The Hawk hovered over her as they made their way to the two remaining chairs. He was tall and angular, with a naturally stooped posture, seeming to curve over her protectively as they moved. The doctor displayed no fear—either in her expression or her scent—and Adrian looked like he would rake his talons across anyone who looked at her wrong. At least that was one less thing to worry about. The good doctor was in good hands.

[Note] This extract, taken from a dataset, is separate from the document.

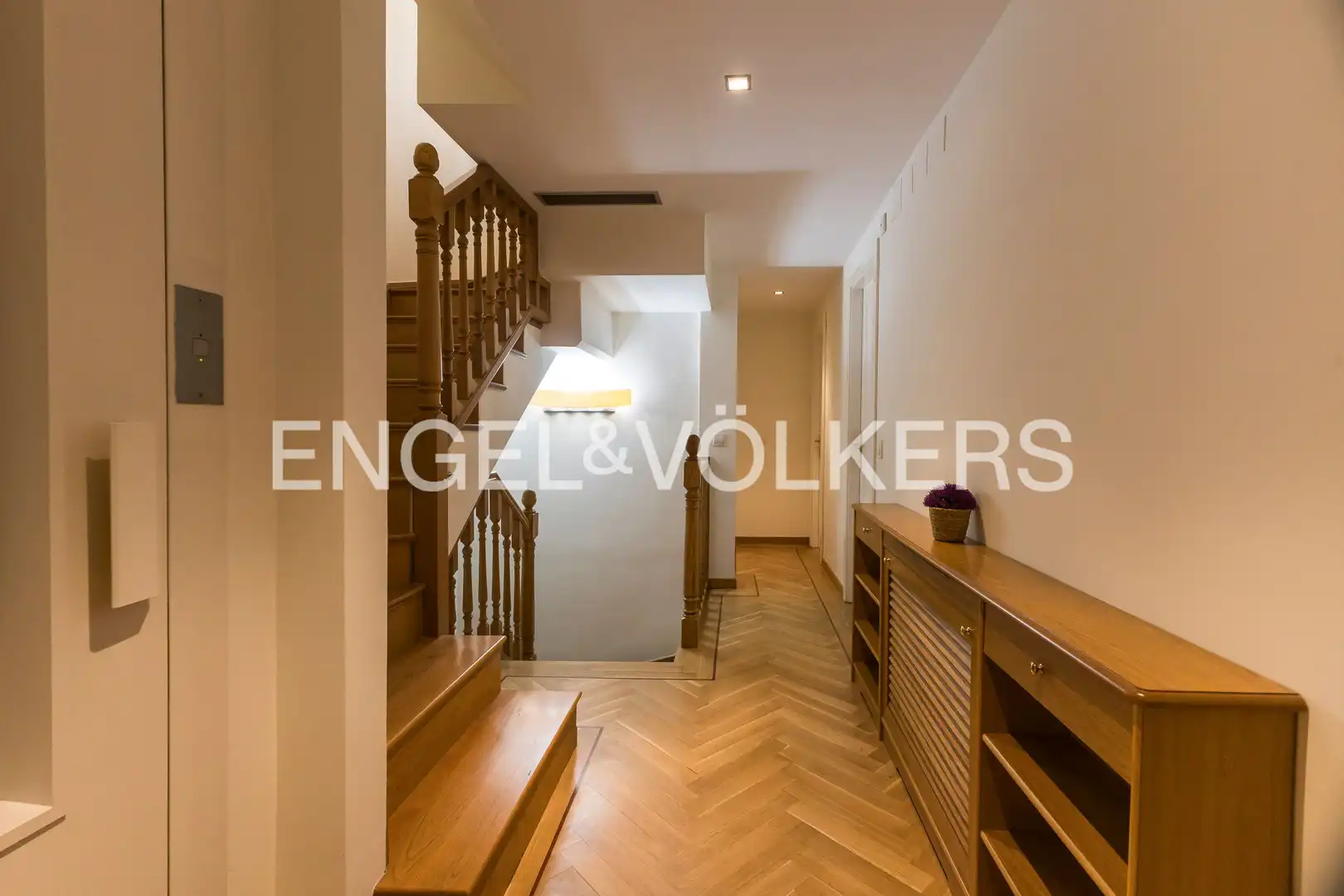Maison mitoyenne avec jardin à vendre à Barajas, imagen 22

Now to see what she had to share…
Chapter Six
The Lion’s Den was never completely empty, no matter the day or night. The pride’s only bar, it was the one place a shifter could go to let loose without worrying about whether the humans would discover their secrets. Those shifters newest to the pride were unused to the luxury of being able to get wasted somewhere it didn’t matter if they got furry—and those recently released from Organization captivity were the most likely to need to drown their sorrows. So even though it was only one in the afternoon, the Den was the perfect place to stir up the kind of trouble Dominec was looking for.
He paused in the doorway, taking in the scarred hardwood floors, battered and mismatched tables, and the tilted pool table. He wasn’t a regular here. After being drugged by the Organization for years, he’d lost his taste for losing control. He hadn’t touched alcohol in years and wasn’t the sociable kind to hang out in bars, but the Den was perfect for his purposes.